- **Extracted records**:
--*--

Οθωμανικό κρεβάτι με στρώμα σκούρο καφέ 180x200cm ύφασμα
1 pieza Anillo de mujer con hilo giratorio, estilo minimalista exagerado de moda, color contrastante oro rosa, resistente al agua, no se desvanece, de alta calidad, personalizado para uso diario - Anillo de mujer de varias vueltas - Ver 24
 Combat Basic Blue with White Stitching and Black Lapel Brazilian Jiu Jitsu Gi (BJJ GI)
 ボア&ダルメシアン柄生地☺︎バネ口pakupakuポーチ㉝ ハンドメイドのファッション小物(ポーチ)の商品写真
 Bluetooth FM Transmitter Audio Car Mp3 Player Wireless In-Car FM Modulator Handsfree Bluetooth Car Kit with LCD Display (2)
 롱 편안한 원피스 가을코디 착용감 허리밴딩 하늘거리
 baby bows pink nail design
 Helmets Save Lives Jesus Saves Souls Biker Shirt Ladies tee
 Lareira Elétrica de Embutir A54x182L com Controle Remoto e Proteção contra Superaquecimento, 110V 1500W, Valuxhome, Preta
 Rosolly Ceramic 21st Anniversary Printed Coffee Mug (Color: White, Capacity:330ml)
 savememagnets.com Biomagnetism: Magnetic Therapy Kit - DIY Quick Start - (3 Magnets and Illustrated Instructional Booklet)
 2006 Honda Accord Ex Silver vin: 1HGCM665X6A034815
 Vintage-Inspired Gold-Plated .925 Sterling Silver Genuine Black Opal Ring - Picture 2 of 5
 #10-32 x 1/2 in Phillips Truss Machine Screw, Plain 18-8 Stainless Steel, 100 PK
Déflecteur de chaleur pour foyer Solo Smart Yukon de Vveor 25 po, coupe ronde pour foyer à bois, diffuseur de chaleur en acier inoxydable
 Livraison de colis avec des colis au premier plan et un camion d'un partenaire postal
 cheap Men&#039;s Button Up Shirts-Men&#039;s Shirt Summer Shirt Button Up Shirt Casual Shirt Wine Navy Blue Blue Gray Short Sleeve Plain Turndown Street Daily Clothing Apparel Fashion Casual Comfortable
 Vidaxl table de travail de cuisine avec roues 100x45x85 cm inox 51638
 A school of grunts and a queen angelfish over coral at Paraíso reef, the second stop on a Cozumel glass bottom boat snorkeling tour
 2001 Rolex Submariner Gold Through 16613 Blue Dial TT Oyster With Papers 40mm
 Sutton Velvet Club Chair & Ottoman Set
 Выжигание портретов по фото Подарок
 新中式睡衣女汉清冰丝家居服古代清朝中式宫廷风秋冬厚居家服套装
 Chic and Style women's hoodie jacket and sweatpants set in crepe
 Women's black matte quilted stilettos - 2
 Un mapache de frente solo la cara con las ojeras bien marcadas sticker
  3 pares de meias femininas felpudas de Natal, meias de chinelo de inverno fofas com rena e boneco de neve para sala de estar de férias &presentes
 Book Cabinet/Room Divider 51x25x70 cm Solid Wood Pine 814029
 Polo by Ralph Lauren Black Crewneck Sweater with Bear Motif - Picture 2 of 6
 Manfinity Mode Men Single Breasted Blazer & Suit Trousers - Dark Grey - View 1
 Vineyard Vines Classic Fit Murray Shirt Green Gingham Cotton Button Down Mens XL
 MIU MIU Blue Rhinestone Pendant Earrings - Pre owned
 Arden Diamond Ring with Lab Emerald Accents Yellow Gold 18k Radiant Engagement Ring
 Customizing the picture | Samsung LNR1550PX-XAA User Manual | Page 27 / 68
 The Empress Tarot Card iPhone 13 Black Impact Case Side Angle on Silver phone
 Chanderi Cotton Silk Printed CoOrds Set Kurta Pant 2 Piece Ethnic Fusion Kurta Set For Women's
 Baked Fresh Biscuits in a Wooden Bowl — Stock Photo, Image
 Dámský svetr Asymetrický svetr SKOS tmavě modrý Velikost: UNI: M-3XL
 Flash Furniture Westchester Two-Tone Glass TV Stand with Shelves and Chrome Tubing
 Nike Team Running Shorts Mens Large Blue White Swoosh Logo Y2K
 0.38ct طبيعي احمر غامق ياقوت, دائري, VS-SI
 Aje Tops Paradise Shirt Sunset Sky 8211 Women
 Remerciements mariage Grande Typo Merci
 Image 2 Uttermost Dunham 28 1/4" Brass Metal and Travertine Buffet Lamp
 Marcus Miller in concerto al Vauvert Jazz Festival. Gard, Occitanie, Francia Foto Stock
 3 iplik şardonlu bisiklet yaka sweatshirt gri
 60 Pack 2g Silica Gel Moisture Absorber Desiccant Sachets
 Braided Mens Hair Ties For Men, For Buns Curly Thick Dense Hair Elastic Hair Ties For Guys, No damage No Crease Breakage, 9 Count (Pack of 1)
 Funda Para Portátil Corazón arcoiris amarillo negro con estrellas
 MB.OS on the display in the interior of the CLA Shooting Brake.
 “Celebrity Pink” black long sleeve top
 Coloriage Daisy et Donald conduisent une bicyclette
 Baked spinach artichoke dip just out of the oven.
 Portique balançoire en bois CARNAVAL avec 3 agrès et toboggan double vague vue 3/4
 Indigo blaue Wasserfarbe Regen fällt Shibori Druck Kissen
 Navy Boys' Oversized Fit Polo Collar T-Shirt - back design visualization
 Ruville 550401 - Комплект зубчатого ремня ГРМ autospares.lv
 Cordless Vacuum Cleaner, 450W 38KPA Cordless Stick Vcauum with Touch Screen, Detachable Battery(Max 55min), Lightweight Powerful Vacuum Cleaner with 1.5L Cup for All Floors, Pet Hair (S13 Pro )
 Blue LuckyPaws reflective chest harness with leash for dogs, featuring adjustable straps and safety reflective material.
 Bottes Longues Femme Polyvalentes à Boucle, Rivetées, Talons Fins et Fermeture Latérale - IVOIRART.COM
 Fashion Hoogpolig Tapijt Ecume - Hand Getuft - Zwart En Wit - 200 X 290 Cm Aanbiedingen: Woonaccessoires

--*--

- **TASK STATEMENT**: Say how many lines in the records include the string "Plain", giving the figure by itself.

- **RESPONSE BELOW**: 2